**Required work:** Take the lines from the one with "Vintage Chinese Cloisonné&#39;" through the last line of the material below and write them out exactly, without any pictures.

**Data below:**
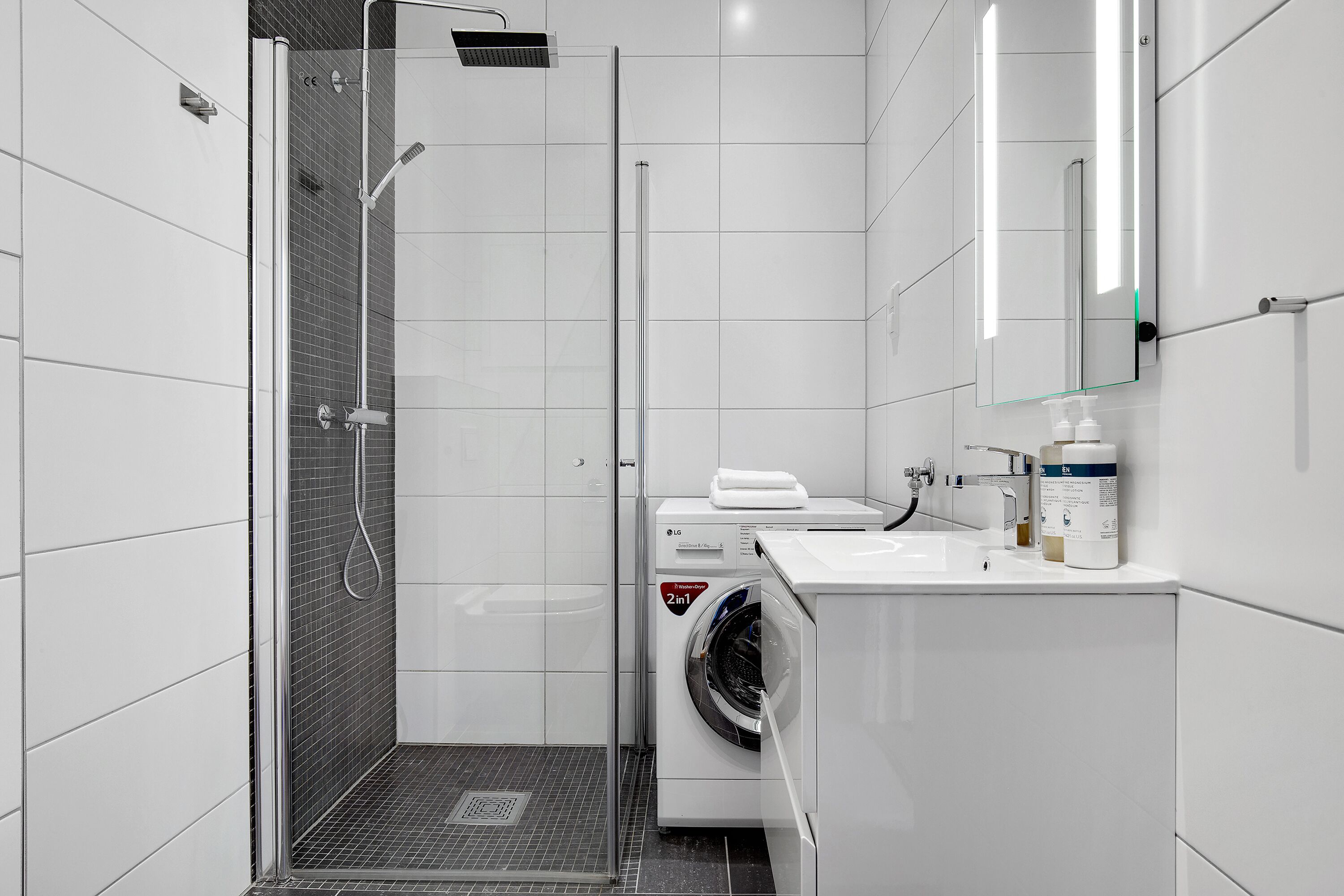Un baño moderno con ducha envuelta en vidrio, lavadora y lavamanos con espejo arriba.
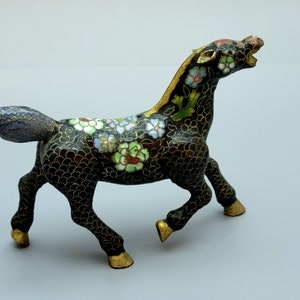 Vintage Chinese Cloisonné&#39; small horse, black, decorated with floral elements.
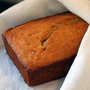 A loaf of banana bread nestled in a white cloth A loaf of banana bread nestled in a white cloth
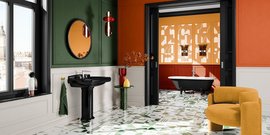 Ein stilvolles Badezimmer mit einer schwarzen Waschbeckenanlage und einem eleganten, runden Spiegel an einer grünen Wand.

**Exercise solution:**
 Vintage Chinese Cloisonné&#39; small horse, black, decorated with floral elements.
 A loaf of banana bread nestled in a white cloth A loaf of banana bread nestled in a white cloth
 Ein stilvolles Badezimmer mit einer schwarzen Waschbeckenanlage und einem eleganten, runden Spiegel an einer grünen Wand.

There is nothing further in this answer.